4) Actively manage your prescriptions. If your doctor is writing you a prescription, it’s a good idea to ask them about generic alternatives. Generic is always going to be less expensive than brand name drugs and are usually equally as effective. However, it’s a good idea to ask your doctor because it varies by prescription. You can also usually save money by ordering mail delivery for prescriptions you refill regularly. For example, if you have a monthly prescription, you can usually get a 90 day supply sent straight to your house for a lower cost than picking it up at the pharmacy each month.

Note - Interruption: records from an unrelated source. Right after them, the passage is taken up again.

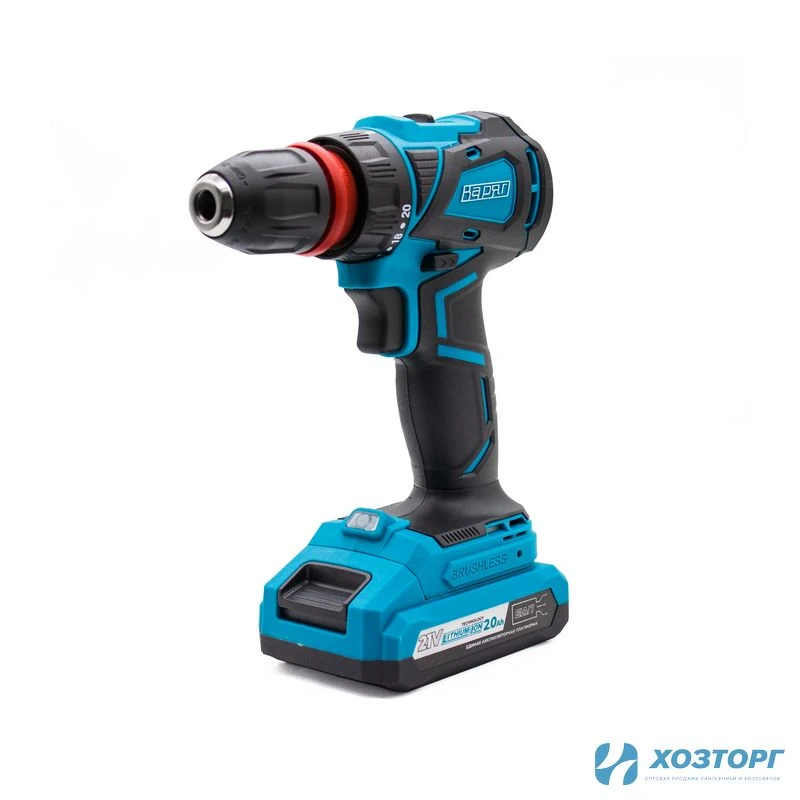 Дрель аккумуляторная ВАРЯГ ДА-21/2Н+DFR (БЕСЩЕТОЧНАЯ, 21В, пат10мм-3/8"DFR, 2 скорости, 50Нм, АКБ Li-ion 2,0Ач) кейс, 2 АКБ, З/У (1/8)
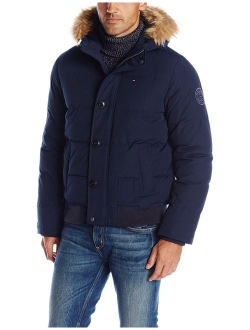 Men's Arctic Cloth Quilted Snorkel Bomber Jacket with Removable Faux Fur Trimmed Hood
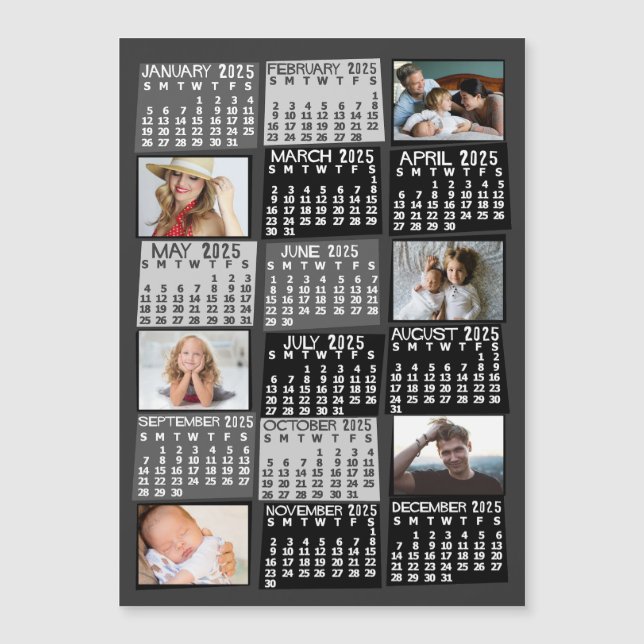 2025 Calendar Year Black Mod Photo Collage Magnet (Front)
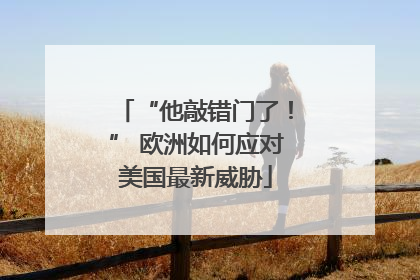 “他敲错门了！” 欧洲如何应对美国最新威胁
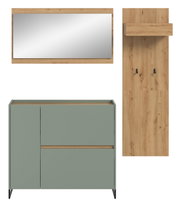 Modernes Badmöbel-Set mit Waschtischunterschrank in Salbeigrün und Holzdetails, Holz-Spiegel und hoher Holz-Hochschrank mit Ablage und Haken, Frontansicht auf weißem Hintergrund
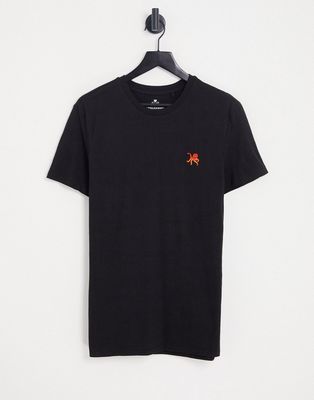 Threadbare octopus embroidery T-shirt in black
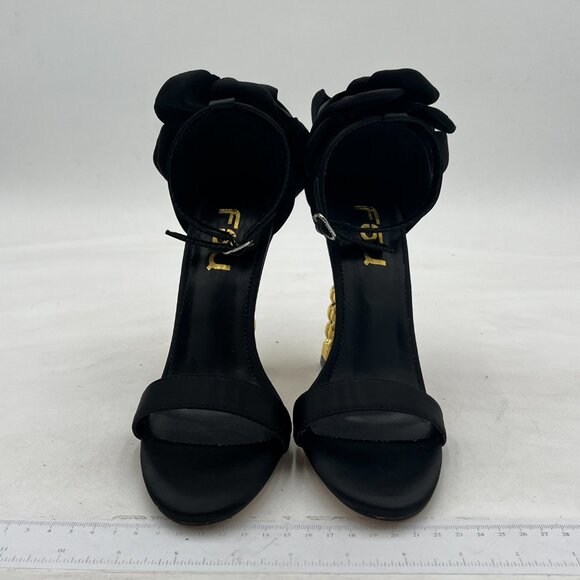 FSJ Black Flower Gold Metal Chain Chunky High Heels Ankle Strap Sandals Open Toe - Picture 3 of 8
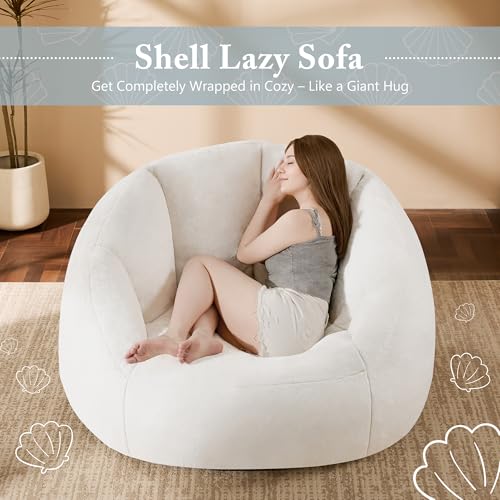 Beige Oversized Bean Bag Chair S69698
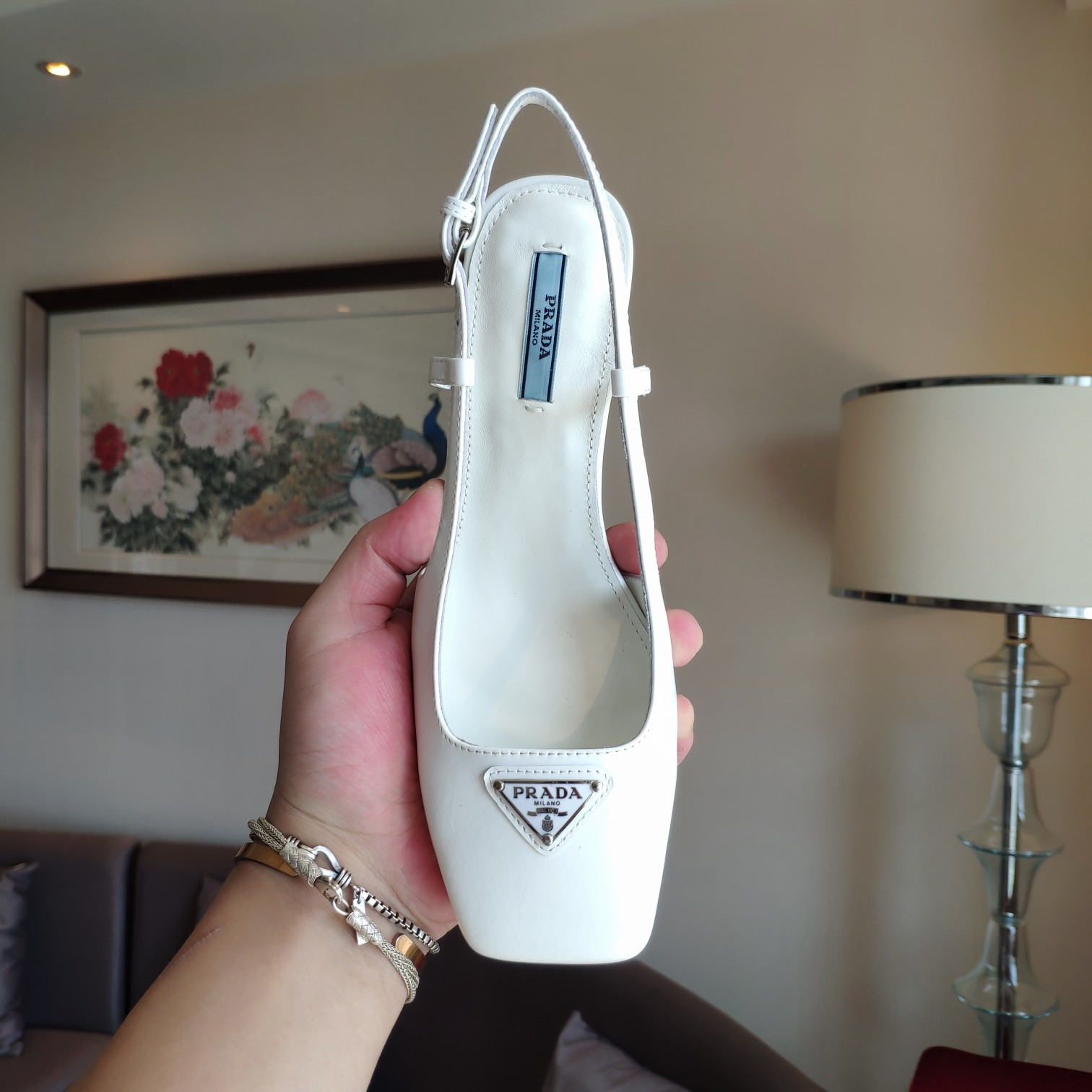 Bagsaaa Pra*a 55 Logo-embellished Leather Slingback Pumps In White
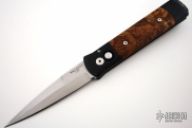 Godfather 906 SW - Black Handle / Maple Burl Inlay / Stonewash Plain Edge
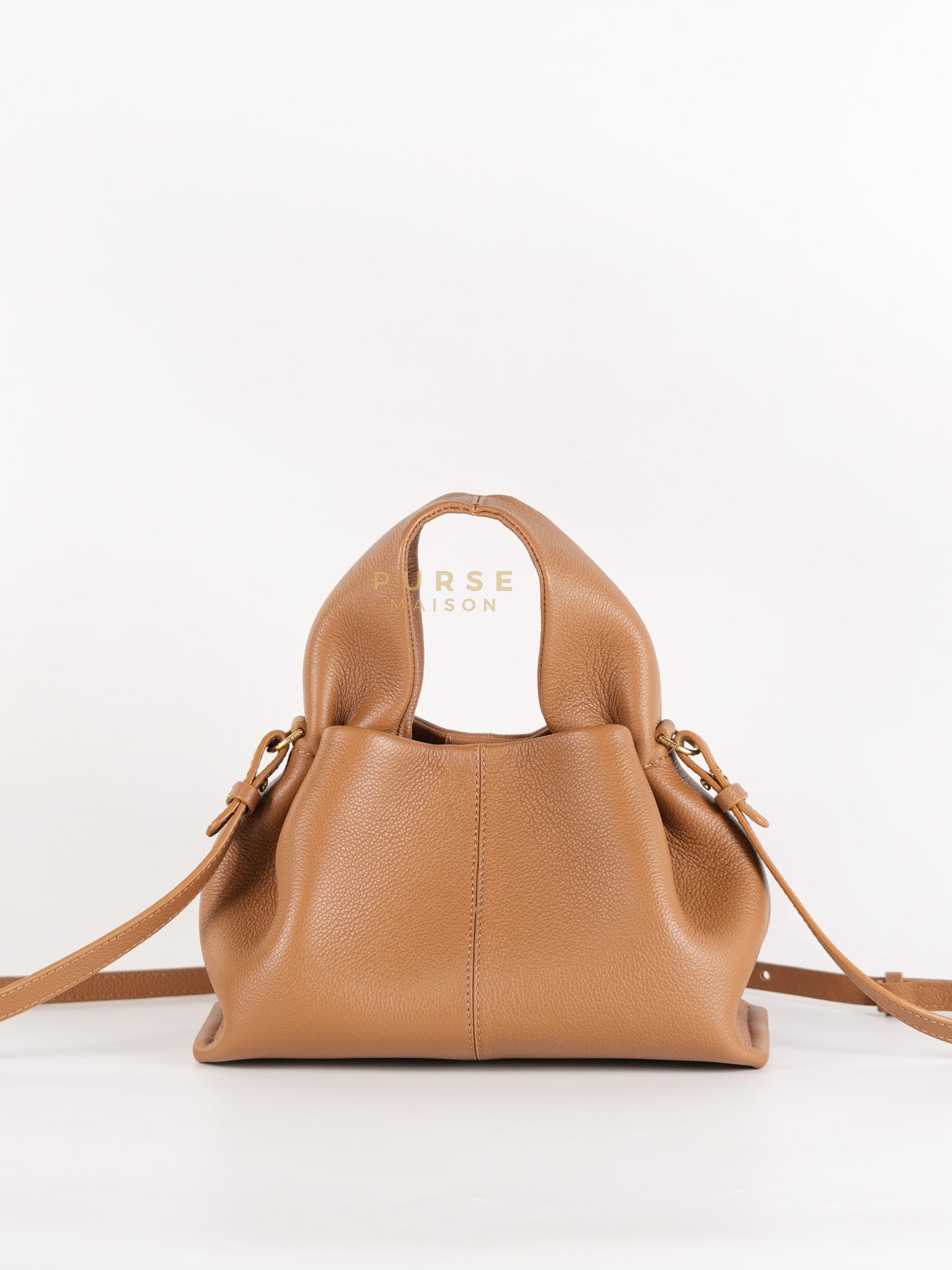 Numero Mini Bag in Caramel Calfskin Leather & Gold Hardware | Purse Maison Luxury Bags Shop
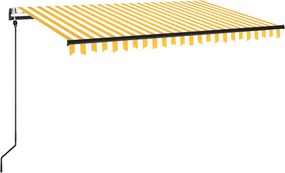 vidaXL Τέντα Συρόμενη Αυτόματη Κίτρινο / Λευκό 450 x 350 εκ.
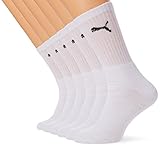 PUMA Unisex Sportsocken Cush Crew Sportsocke, Weiß, 43-46 EU , 6 Stück (1er Pack)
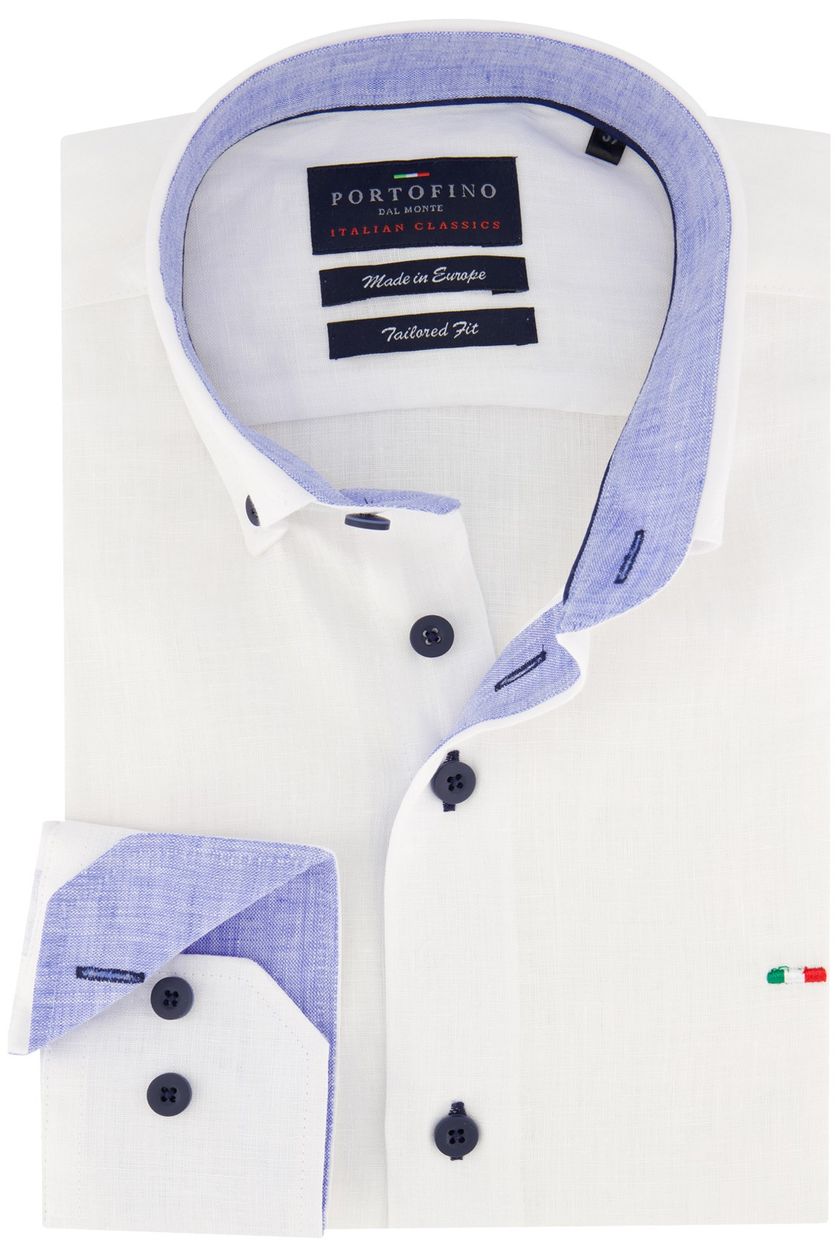Portofino casual overhemd tailored fit wit effen linnen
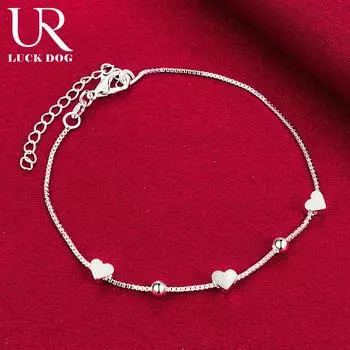 Женский браслет Love из стерлингового серебра 925 пробы, модные свадебные украшения 20CM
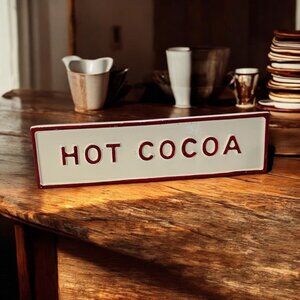 Magnolia Hearth & Hand Metal "Hot Cocoa" sign 11" x 3" Easel - Coffee Station
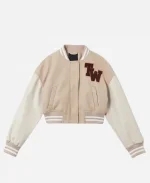 TW Colorblock Beige Varsity Jacket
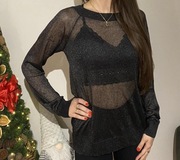 TEZENIS bluzka czarna przeźroczysta M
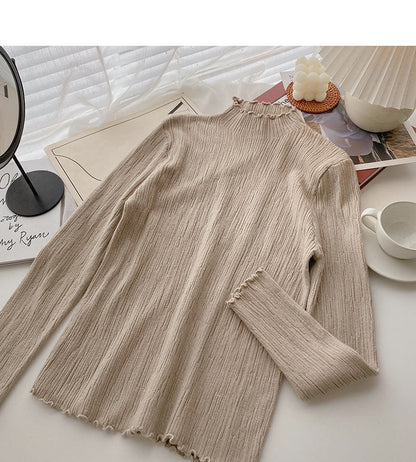 Stand collar long sleeve design slim fit bright silk sweater  6582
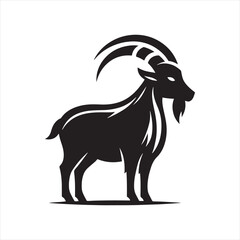 Galactic Grazing: Goat Silhouette Nourished by Starlight - Goat Black Vector Stock
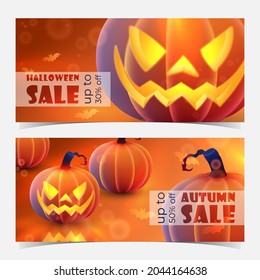 Discount banner for Autumn, Halloween sale with luminous, luminescent orange pumpkin on ginger background. Vector Holiday illustration for postcard, web, cards, party, advertising.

5) Go to your annual preventative care appointment(s). Preventative care is covered at 100% so you pay nothing so why wouldn’t you go to these appointments? For many groups, the carriers keep track of how many people go to their preventative care appointments and they see this as a favorable activity. By going to your appointment, you may be assisting in keeping the cost increase down at next year’s renewal. Preventative care includes some vaccinations, well-baby visits, annual check-ups, annual pap smears, etc. When you go in for these appointments, just be clear that you are there for a preventative care visit. If it has been a while since your last appointment, your doctor may ask if you want to run additional tests. Some of these tests may not be covered under your preventative care appointment so always ask. For example, during an annual exam, it is common for the doctor to ask about running additional blood tests. These tests are not always covered so be sure to ask.
6) Make sure you know what to do if you have an emergency while out of network. Most HMOs have a policy in place if you happen to have an emergency situation outside of their network area. For example, if you have Kaiser and are in a state that doesn’t have Kaiser, you are able to go to any hospital and it will be covered as if it were in network. They ask that you call your Kaiser primary care physician to notify them of the situation so that they can get thing started on their end so that the billing is done correctly. However, the process may vary based on which HMO you are a member of. It is also good to know what the out of country coverage may be like since you may not always travel with additional health insurance. Many offer the same policy as their in country out of network area coverage.
Knowing some simple tips such as these can help a lot in the long run. Knowing what needs to be done and tools you can use to make your health management easier is vital with the current state of health care. The more action you take to manage it yourself and to be proactive, the better of you will be both with your health and with your finances. If you have more questions about how to get the most out of your HMO plan, speak with your doctor or talk to your broker!